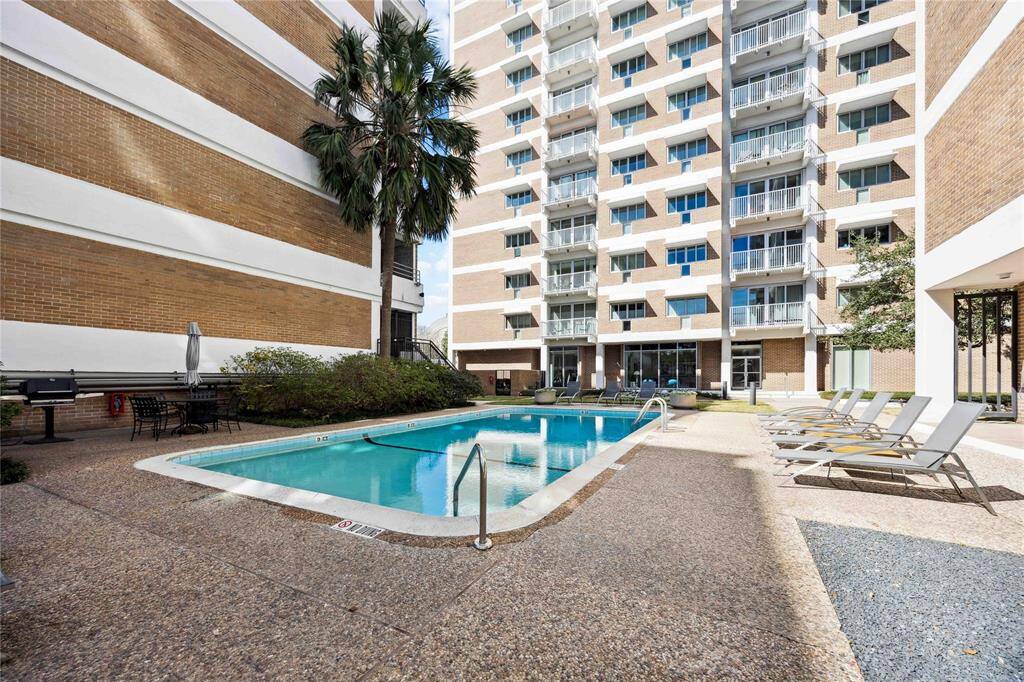 Whether you are looking for sunbathing or a shady spot in the pool, you'll find exactly what you are looking for!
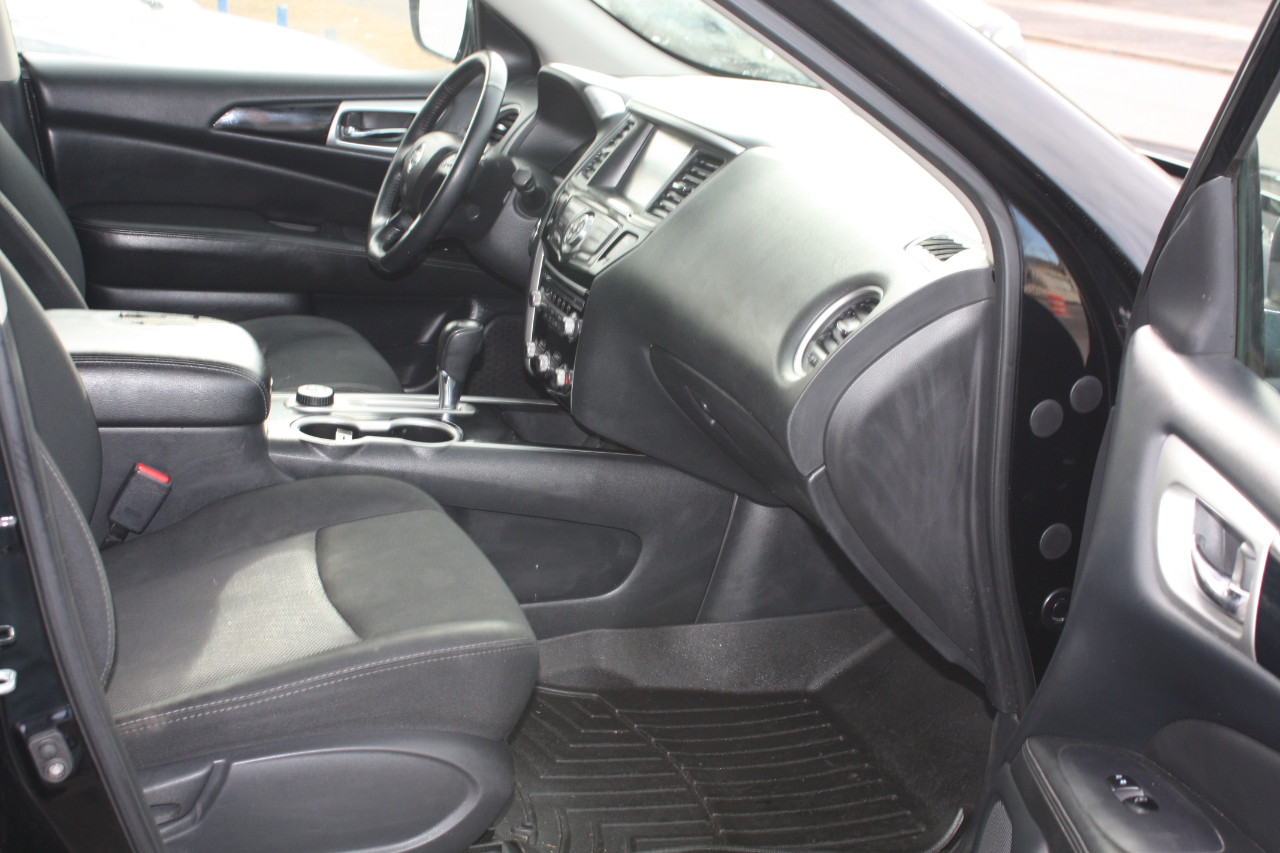 Nissan Pathfinder Platinum 4WD 2018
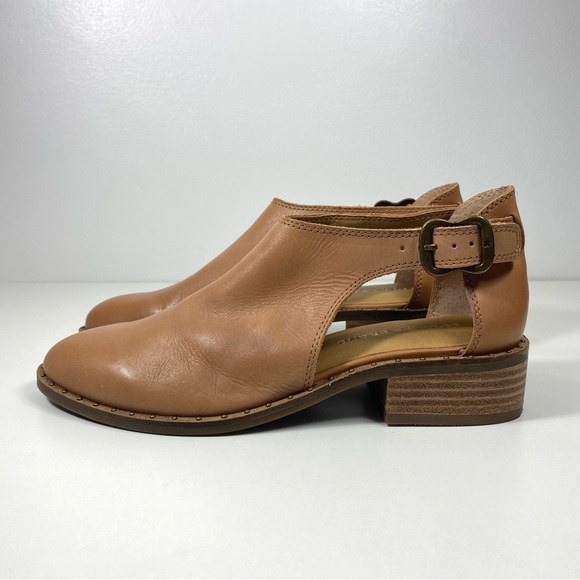 Lucky Brand Giovanna Cutout Camel Leather Adjustable Strap Studded Booties 7.5 - Picture 12 of 12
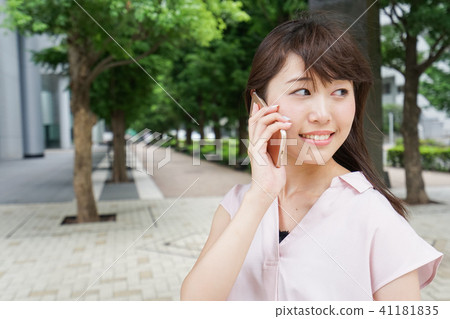 打電話的女人 打電話的女人 41181835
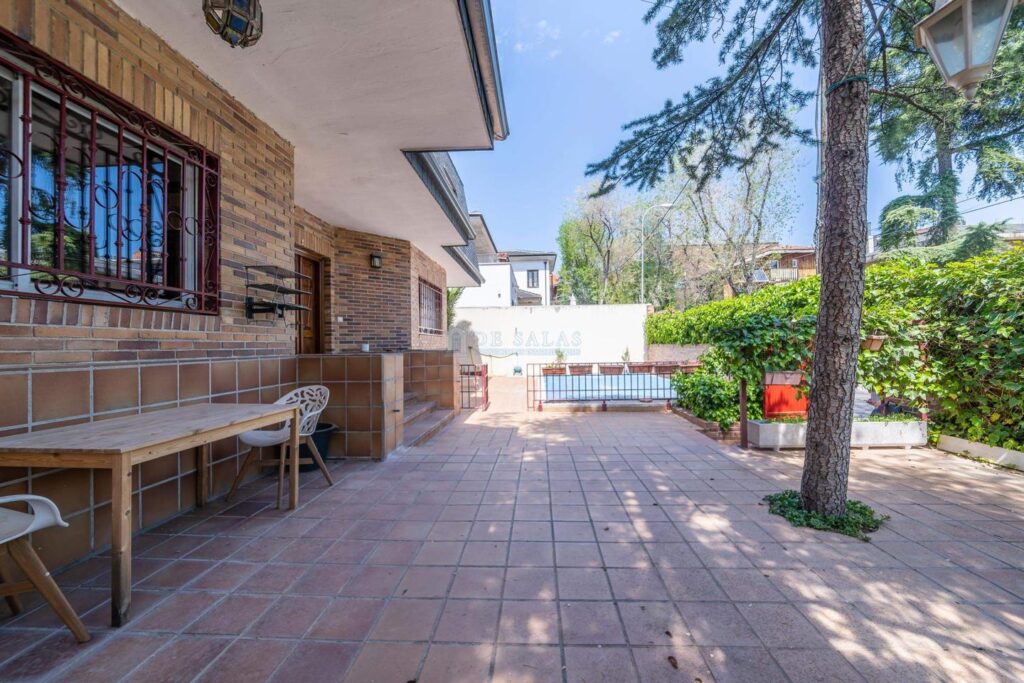 Casa Chalet en venta en Madrid de 463m2 REF:MIV01884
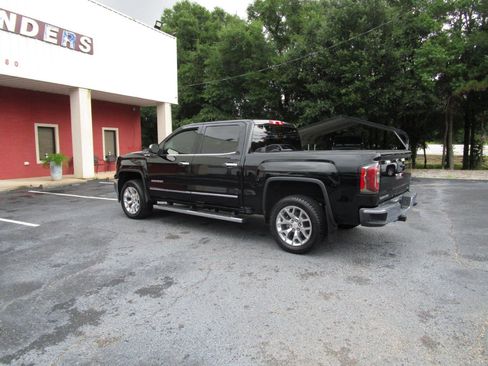 Used 2018 GMC Sierra 1500 SLT w/ SLT Premium Package AWD/4WD image 3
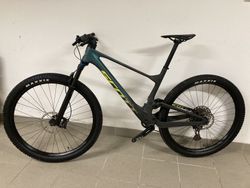 Prodám celoodpružené karbonové kolo Scott Spark RC Comp green vel. L. Model 2024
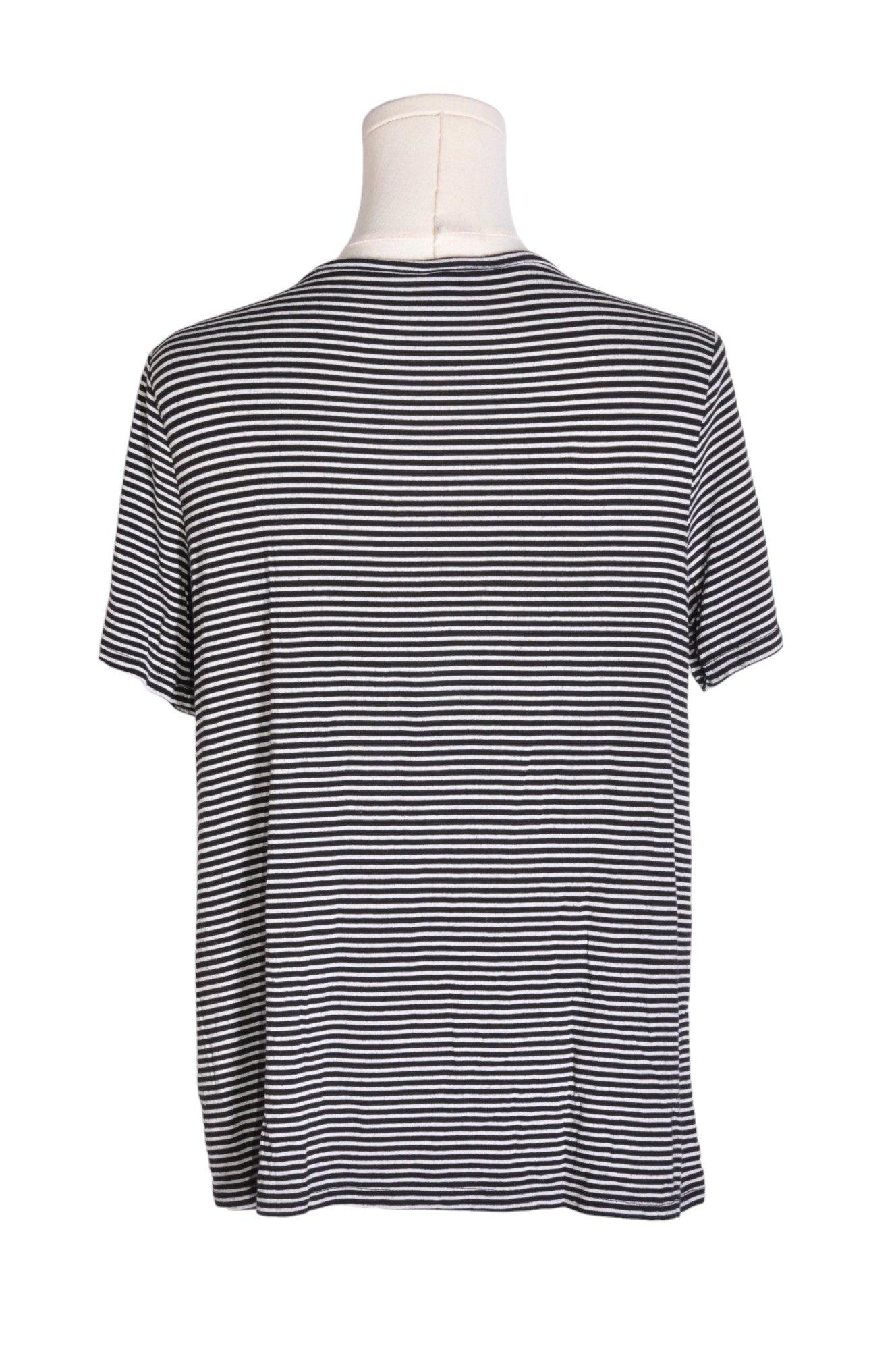 OLD NAVY Stylish Women's Regular Fit Black T-Shirts - Size S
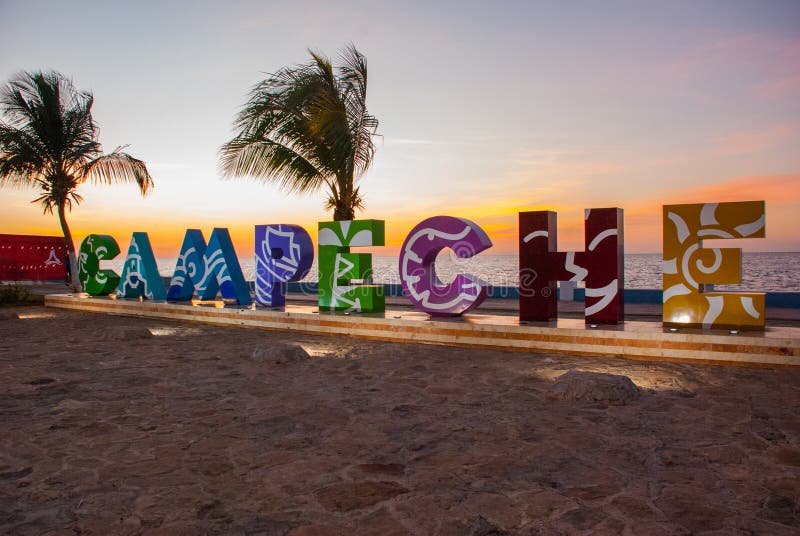 México, San Francisco de Campeche: Letras coloridas grandes que deletrean Campeche Puesta del sol fotografía de archivo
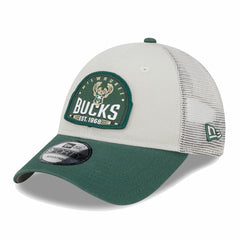 Milwaukee Bucks Throwback Patch Trucker 9FORTY Adjustable Hat Khaki/Hunter Green - New Era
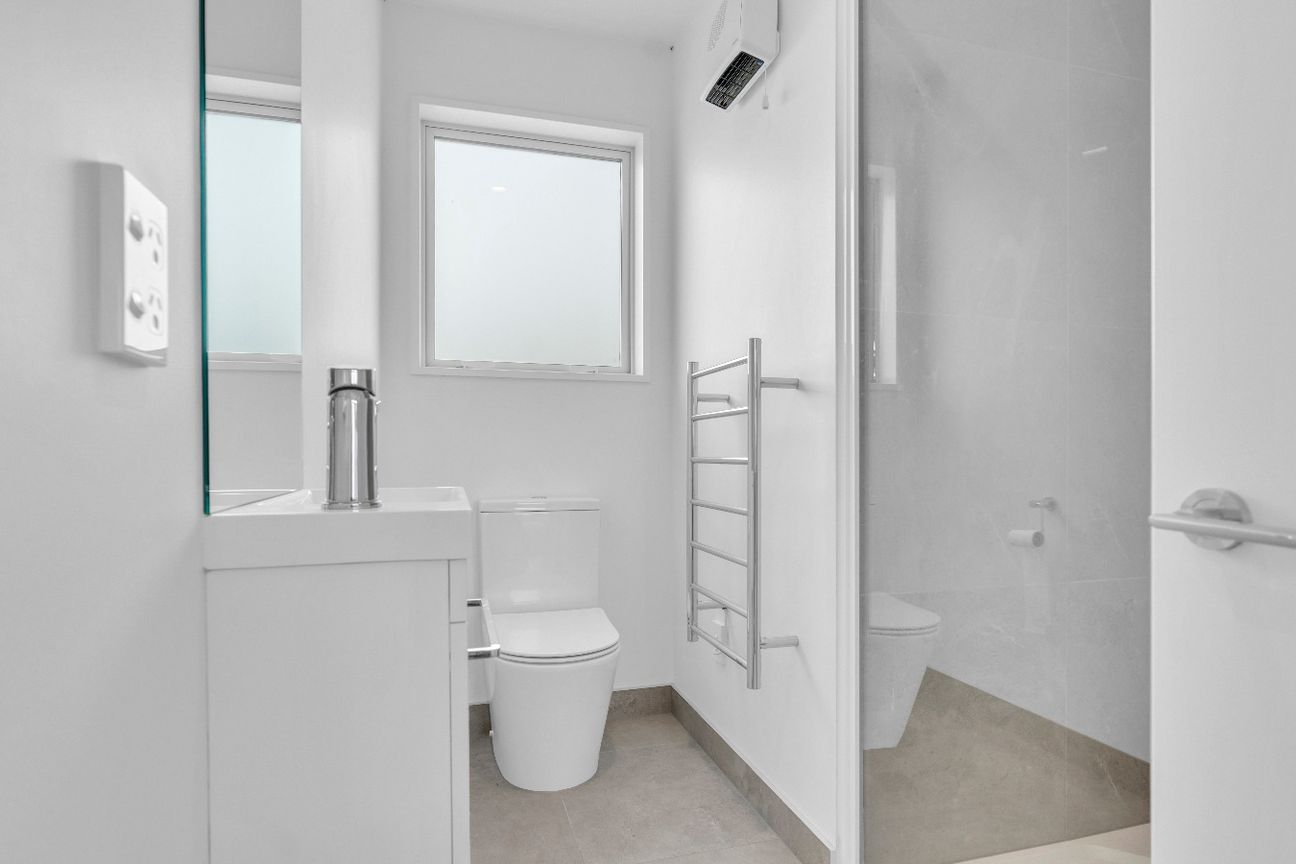 Two Bedroom Townhouse In Great Location! - Aanzicht 5
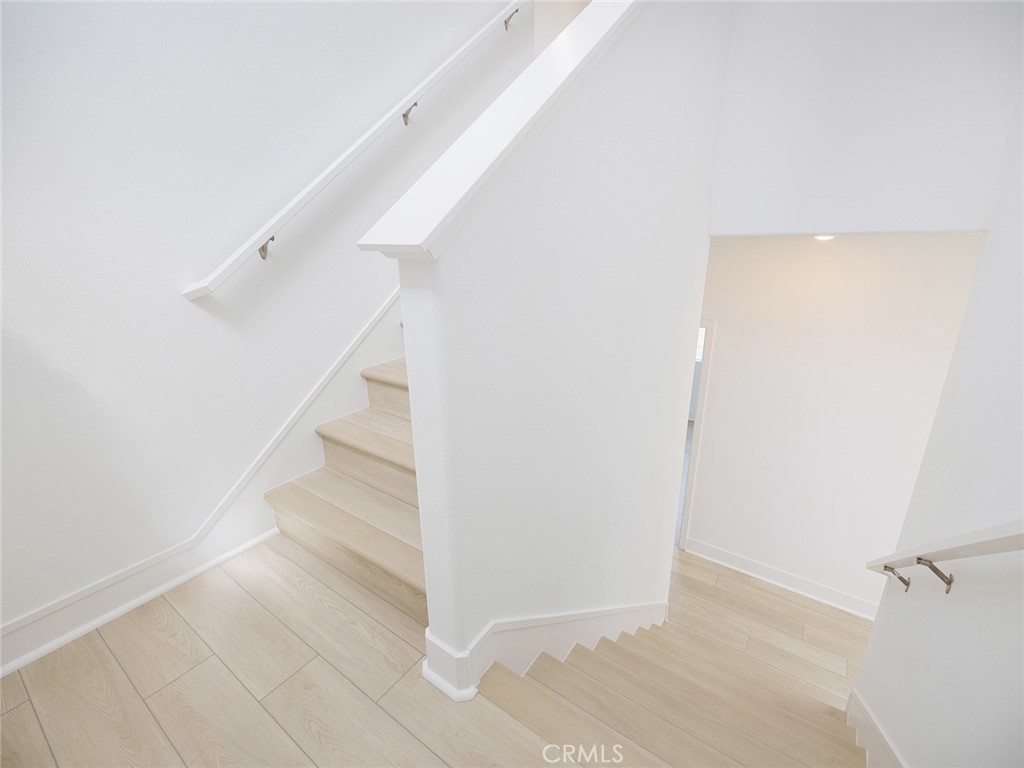 https://media.crmls.org/medias/344dab5b-9671-4137-aaa9-345af443043e.jpg?preset=X-Large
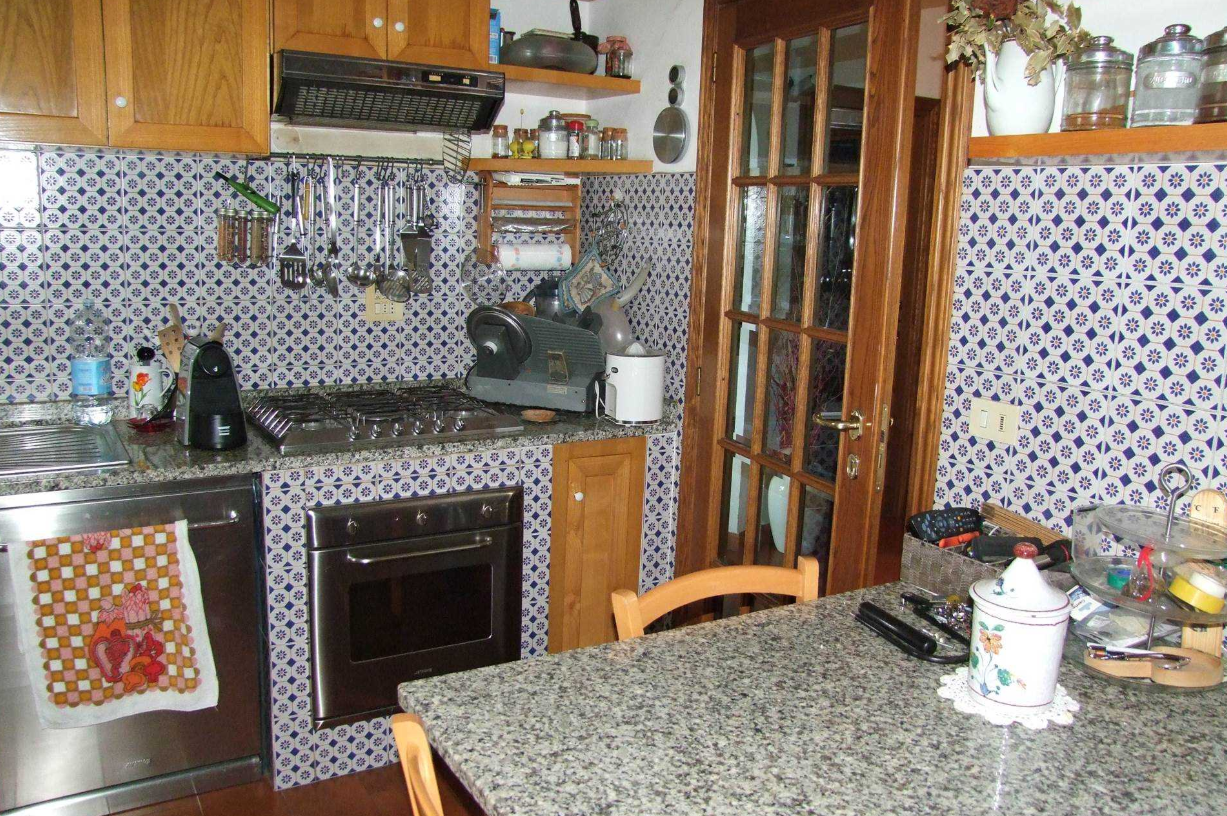 Villa con giardino, Pelago paterno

##########

Work request:
Word for word, print the material above, but without its pictures.

Task answer:
 Whether you are looking for sunbathing or a shady spot in the pool, you'll find exactly what you are looking for!
 Nissan Pathfinder Platinum 4WD 2018
 Lucky Brand Giovanna Cutout Camel Leather Adjustable Strap Studded Booties 7.5 - Picture 12 of 12
 打電話的女人 打電話的女人 41181835
 Casa Chalet en venta en Madrid de 463m2 REF:MIV01884
 Used 2018 GMC Sierra 1500 SLT w/ SLT Premium Package AWD/4WD image 3
 Prodám celoodpružené karbonové kolo Scott Spark RC Comp green vel. L. Model 2024
 OLD NAVY Stylish Women's Regular Fit Black T-Shirts - Size S
 México, San Francisco de Campeche: Letras coloridas grandes que deletrean Campeche Puesta del sol fotografía de archivo
 Milwaukee Bucks Throwback Patch Trucker 9FORTY Adjustable Hat Khaki/Hunter Green - New Era
 Two Bedroom Townhouse In Great Location! - Aanzicht 5
 https://media.crmls.org/medias/344dab5b-9671-4137-aaa9-345af443043e.jpg?preset=X-Large
 Villa con giardino, Pelago paterno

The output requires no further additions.